ROI Calculator

The total amount you put in up front: capital, ad spend, equipment, or project cost.

The total value you receive back, including the return of your original capital — not just the gain.

How long your money was tied up, in months. Used to annualise the return so different time spans can be compared.

Try a scenario:
ROI
Annualised ROI
Net profit Total returned minus what you put in. Negative means the investment lost money.

Enable JavaScript to calculate instantly. The full method is explained below, so the page is useful either way.

Return on investment (ROI) is the single most common way to judge whether money you committed actually did its job. It expresses your gain as a percentage of what you put in, so a £300 profit on £1,000 and a £3,000 profit on £10,000 can be compared directly — both are a 30% return.
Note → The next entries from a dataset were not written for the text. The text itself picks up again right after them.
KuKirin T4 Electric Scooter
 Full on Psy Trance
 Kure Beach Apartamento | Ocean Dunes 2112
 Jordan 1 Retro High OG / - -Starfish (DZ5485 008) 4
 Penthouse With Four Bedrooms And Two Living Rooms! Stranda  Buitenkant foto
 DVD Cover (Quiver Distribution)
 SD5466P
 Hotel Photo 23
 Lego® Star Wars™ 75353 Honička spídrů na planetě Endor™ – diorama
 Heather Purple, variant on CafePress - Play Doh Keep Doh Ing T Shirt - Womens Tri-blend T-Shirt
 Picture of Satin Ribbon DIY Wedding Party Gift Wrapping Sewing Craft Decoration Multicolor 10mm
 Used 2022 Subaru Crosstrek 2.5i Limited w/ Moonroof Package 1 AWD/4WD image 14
That makes ROI a fast, universal sanity check for everything from a marketing campaign to a piece of equipment to a stake in a project.

Plain ROI has one blind spot: it ignores time. Earning 30% in twelve months is very different from earning 30% over three years, yet the headline figure is identical. That is why this calculator also reports annualised ROI — the equivalent yearly rate, found by compounding the total return over the holding period. Annualised ROI is what lets you fairly compare a quick six-month win against a slow multi-year hold, or rank several opportunities that each ran for a different length of time. Enter your initial outlay, the total amount you got back, and how many months your money was tied up; the annualisation formula is written out below with a worked example.

How this calculator works

Three figures are derived from your inputs:

Net profit = total amount returned − initial investment. The amount returned is the full value you received back, including the return of your original capital, so net profit is the true gain (or loss).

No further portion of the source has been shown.